_Task details_
A faithful, complete copy of the entries is the sole expected answer.

_Data_

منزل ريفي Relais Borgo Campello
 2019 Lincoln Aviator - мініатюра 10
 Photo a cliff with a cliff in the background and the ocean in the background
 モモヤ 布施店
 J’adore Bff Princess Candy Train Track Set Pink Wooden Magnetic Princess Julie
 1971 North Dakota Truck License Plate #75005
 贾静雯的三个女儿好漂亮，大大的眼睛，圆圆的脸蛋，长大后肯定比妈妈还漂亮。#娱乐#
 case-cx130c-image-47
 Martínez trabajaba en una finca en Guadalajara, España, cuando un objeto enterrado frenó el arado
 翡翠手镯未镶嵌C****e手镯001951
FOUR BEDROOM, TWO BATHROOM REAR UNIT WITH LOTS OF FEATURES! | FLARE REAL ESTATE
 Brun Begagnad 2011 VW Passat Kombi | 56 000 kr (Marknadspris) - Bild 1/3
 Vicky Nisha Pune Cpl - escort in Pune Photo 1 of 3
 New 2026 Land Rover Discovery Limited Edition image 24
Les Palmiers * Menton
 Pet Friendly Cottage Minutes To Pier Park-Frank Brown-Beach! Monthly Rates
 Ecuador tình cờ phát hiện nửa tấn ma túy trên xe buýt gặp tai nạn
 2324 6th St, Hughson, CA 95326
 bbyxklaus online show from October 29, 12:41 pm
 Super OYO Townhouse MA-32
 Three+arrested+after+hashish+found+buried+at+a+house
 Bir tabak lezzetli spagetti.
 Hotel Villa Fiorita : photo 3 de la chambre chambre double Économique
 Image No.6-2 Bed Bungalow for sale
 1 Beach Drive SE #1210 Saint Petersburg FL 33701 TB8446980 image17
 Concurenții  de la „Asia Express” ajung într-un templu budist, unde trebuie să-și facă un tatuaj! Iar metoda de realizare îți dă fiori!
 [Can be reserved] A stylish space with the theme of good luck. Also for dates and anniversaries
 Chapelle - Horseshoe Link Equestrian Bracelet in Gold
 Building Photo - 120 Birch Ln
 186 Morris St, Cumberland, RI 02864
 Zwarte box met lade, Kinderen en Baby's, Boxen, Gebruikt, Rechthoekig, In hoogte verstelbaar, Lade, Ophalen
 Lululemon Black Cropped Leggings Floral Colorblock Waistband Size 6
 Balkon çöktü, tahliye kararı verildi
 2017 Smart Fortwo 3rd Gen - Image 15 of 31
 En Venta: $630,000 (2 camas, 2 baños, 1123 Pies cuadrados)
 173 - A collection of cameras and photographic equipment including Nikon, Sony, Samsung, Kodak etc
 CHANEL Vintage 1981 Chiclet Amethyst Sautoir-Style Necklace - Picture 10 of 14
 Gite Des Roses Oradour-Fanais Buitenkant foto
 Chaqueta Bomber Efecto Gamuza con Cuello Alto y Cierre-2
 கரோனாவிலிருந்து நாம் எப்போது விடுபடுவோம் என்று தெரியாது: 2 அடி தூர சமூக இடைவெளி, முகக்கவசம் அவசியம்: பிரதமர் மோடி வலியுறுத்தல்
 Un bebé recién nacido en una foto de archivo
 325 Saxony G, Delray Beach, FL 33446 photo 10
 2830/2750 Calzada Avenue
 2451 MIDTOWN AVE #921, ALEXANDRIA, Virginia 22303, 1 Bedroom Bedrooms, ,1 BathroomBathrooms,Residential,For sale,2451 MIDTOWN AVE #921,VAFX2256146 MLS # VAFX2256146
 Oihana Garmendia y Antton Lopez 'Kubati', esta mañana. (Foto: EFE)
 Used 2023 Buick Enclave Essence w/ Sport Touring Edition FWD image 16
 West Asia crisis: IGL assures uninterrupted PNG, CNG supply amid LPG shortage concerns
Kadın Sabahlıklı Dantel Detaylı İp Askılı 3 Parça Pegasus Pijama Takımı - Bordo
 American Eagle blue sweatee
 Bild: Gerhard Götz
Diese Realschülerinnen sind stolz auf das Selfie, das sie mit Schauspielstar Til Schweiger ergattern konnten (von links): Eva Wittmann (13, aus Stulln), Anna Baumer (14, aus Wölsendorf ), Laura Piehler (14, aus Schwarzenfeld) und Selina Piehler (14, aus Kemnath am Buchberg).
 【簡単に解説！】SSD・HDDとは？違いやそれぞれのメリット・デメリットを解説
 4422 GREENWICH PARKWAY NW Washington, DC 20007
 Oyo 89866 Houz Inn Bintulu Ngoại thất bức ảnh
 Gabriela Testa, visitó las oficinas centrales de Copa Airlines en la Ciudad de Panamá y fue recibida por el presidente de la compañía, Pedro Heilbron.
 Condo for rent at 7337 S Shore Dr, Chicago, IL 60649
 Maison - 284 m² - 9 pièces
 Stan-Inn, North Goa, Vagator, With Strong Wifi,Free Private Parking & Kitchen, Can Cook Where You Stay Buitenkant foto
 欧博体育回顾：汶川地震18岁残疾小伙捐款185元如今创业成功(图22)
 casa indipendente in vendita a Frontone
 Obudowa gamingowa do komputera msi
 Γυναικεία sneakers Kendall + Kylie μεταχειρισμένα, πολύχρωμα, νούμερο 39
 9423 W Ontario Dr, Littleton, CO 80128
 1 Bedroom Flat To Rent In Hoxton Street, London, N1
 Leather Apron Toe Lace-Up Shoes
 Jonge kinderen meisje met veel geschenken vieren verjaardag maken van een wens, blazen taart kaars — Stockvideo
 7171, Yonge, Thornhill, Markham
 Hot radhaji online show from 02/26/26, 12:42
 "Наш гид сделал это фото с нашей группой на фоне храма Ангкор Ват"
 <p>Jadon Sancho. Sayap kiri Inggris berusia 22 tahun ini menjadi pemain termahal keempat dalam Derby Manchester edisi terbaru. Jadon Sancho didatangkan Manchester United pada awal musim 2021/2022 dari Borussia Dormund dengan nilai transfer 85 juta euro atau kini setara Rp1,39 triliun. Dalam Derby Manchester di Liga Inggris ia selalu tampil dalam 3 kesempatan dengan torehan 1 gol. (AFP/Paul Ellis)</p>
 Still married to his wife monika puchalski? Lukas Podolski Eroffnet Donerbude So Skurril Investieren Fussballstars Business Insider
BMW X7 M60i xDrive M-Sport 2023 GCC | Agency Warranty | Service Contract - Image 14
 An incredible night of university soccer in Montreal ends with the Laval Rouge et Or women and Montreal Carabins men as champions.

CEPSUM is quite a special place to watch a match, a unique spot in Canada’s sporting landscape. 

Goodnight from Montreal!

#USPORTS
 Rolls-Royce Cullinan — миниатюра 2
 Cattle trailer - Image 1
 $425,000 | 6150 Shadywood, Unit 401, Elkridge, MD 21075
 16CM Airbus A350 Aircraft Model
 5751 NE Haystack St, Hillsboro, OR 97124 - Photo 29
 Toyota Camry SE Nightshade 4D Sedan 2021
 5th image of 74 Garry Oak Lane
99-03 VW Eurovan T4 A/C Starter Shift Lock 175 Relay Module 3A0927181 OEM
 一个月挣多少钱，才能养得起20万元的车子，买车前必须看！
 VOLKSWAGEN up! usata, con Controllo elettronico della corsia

_Finished exercise_
منزل ريفي Relais Borgo Campello
 2019 Lincoln Aviator - мініатюра 10
 Photo a cliff with a cliff in the background and the ocean in the background
 モモヤ 布施店
 J’adore Bff Princess Candy Train Track Set Pink Wooden Magnetic Princess Julie
 1971 North Dakota Truck License Plate #75005
 贾静雯的三个女儿好漂亮，大大的眼睛，圆圆的脸蛋，长大后肯定比妈妈还漂亮。#娱乐#
 case-cx130c-image-47
 Martínez trabajaba en una finca en Guadalajara, España, cuando un objeto enterrado frenó el arado
 翡翠手镯未镶嵌C****e手镯001951
FOUR BEDROOM, TWO BATHROOM REAR UNIT WITH LOTS OF FEATURES! | FLARE REAL ESTATE
 Brun Begagnad 2011 VW Passat Kombi | 56 000 kr (Marknadspris) - Bild 1/3
 Vicky Nisha Pune Cpl - escort in Pune Photo 1 of 3
 New 2026 Land Rover Discovery Limited Edition image 24
Les Palmiers * Menton
 Pet Friendly Cottage Minutes To Pier Park-Frank Brown-Beach! Monthly Rates
 Ecuador tình cờ phát hiện nửa tấn ma túy trên xe buýt gặp tai nạn
 2324 6th St, Hughson, CA 95326
 bbyxklaus online show from October 29, 12:41 pm
 Super OYO Townhouse MA-32
 Three+arrested+after+hashish+found+buried+at+a+house
 Bir tabak lezzetli spagetti.
 Hotel Villa Fiorita : photo 3 de la chambre chambre double Économique
 Image No.6-2 Bed Bungalow for sale
 1 Beach Drive SE #1210 Saint Petersburg FL 33701 TB8446980 image17
 Concurenții  de la „Asia Express” ajung într-un templu budist, unde trebuie să-și facă un tatuaj! Iar metoda de realizare îți dă fiori!
 [Can be reserved] A stylish space with the theme of good luck. Also for dates and anniversaries
 Chapelle - Horseshoe Link Equestrian Bracelet in Gold
 Building Photo - 120 Birch Ln
 186 Morris St, Cumberland, RI 02864
 Zwarte box met lade, Kinderen en Baby's, Boxen, Gebruikt, Rechthoekig, In hoogte verstelbaar, Lade, Ophalen
 Lululemon Black Cropped Leggings Floral Colorblock Waistband Size 6
 Balkon çöktü, tahliye kararı verildi
 2017 Smart Fortwo 3rd Gen - Image 15 of 31
 En Venta: $630,000 (2 camas, 2 baños, 1123 Pies cuadrados)
 173 - A collection of cameras and photographic equipment including Nikon, Sony, Samsung, Kodak etc
 CHANEL Vintage 1981 Chiclet Amethyst Sautoir-Style Necklace - Picture 10 of 14
 Gite Des Roses Oradour-Fanais Buitenkant foto
 Chaqueta Bomber Efecto Gamuza con Cuello Alto y Cierre-2
 கரோனாவிலிருந்து நாம் எப்போது விடுபடுவோம் என்று தெரியாது: 2 அடி தூர சமூக இடைவெளி, முகக்கவசம் அவசியம்: பிரதமர் மோடி வலியுறுத்தல்
 Un bebé recién nacido en una foto de archivo
 325 Saxony G, Delray Beach, FL 33446 photo 10
 2830/2750 Calzada Avenue
 2451 MIDTOWN AVE #921, ALEXANDRIA, Virginia 22303, 1 Bedroom Bedrooms, ,1 BathroomBathrooms,Residential,For sale,2451 MIDTOWN AVE #921,VAFX2256146 MLS # VAFX2256146
 Oihana Garmendia y Antton Lopez 'Kubati', esta mañana. (Foto: EFE)
 Used 2023 Buick Enclave Essence w/ Sport Touring Edition FWD image 16
 West Asia crisis: IGL assures uninterrupted PNG, CNG supply amid LPG shortage concerns
Kadın Sabahlıklı Dantel Detaylı İp Askılı 3 Parça Pegasus Pijama Takımı - Bordo
 American Eagle blue sweatee
 Bild: Gerhard Götz
Diese Realschülerinnen sind stolz auf das Selfie, das sie mit Schauspielstar Til Schweiger ergattern konnten (von links): Eva Wittmann (13, aus Stulln), Anna Baumer (14, aus Wölsendorf ), Laura Piehler (14, aus Schwarzenfeld) und Selina Piehler (14, aus Kemnath am Buchberg).
 【簡単に解説！】SSD・HDDとは？違いやそれぞれのメリット・デメリットを解説
 4422 GREENWICH PARKWAY NW Washington, DC 20007
 Oyo 89866 Houz Inn Bintulu Ngoại thất bức ảnh
 Gabriela Testa, visitó las oficinas centrales de Copa Airlines en la Ciudad de Panamá y fue recibida por el presidente de la compañía, Pedro Heilbron.
 Condo for rent at 7337 S Shore Dr, Chicago, IL 60649
 Maison - 284 m² - 9 pièces
 Stan-Inn, North Goa, Vagator, With Strong Wifi,Free Private Parking & Kitchen, Can Cook Where You Stay Buitenkant foto
 欧博体育回顾：汶川地震18岁残疾小伙捐款185元如今创业成功(图22)
 casa indipendente in vendita a Frontone
 Obudowa gamingowa do komputera msi
 Γυναικεία sneakers Kendall + Kylie μεταχειρισμένα, πολύχρωμα, νούμερο 39
 9423 W Ontario Dr, Littleton, CO 80128
 1 Bedroom Flat To Rent In Hoxton Street, London, N1
 Leather Apron Toe Lace-Up Shoes
 Jonge kinderen meisje met veel geschenken vieren verjaardag maken van een wens, blazen taart kaars — Stockvideo
 7171, Yonge, Thornhill, Markham
 Hot radhaji online show from 02/26/26, 12:42
 "Наш гид сделал это фото с нашей группой на фоне храма Ангкор Ват"
 <p>Jadon Sancho. Sayap kiri Inggris berusia 22 tahun ini menjadi pemain termahal keempat dalam Derby Manchester edisi terbaru. Jadon Sancho didatangkan Manchester United pada awal musim 2021/2022 dari Borussia Dormund dengan nilai transfer 85 juta euro atau kini setara Rp1,39 triliun. Dalam Derby Manchester di Liga Inggris ia selalu tampil dalam 3 kesempatan dengan torehan 1 gol. (AFP/Paul Ellis)</p>
 Still married to his wife monika puchalski? Lukas Podolski Eroffnet Donerbude So Skurril Investieren Fussballstars Business Insider
BMW X7 M60i xDrive M-Sport 2023 GCC | Agency Warranty | Service Contract - Image 14
 An incredible night of university soccer in Montreal ends with the Laval Rouge et Or women and Montreal Carabins men as champions.

CEPSUM is quite a special place to watch a match, a unique spot in Canada’s sporting landscape. 

Goodnight from Montreal!

#USPORTS
 Rolls-Royce Cullinan — миниатюра 2
 Cattle trailer - Image 1
 $425,000 | 6150 Shadywood, Unit 401, Elkridge, MD 21075
 16CM Airbus A350 Aircraft Model
 5751 NE Haystack St, Hillsboro, OR 97124 - Photo 29
 Toyota Camry SE Nightshade 4D Sedan 2021
 5th image of 74 Garry Oak Lane
99-03 VW Eurovan T4 A/C Starter Shift Lock 175 Relay Module 3A0927181 OEM
 一个月挣多少钱，才能养得起20万元的车子，买车前必须看！
 VOLKSWAGEN up! usata, con Controllo elettronico della corsia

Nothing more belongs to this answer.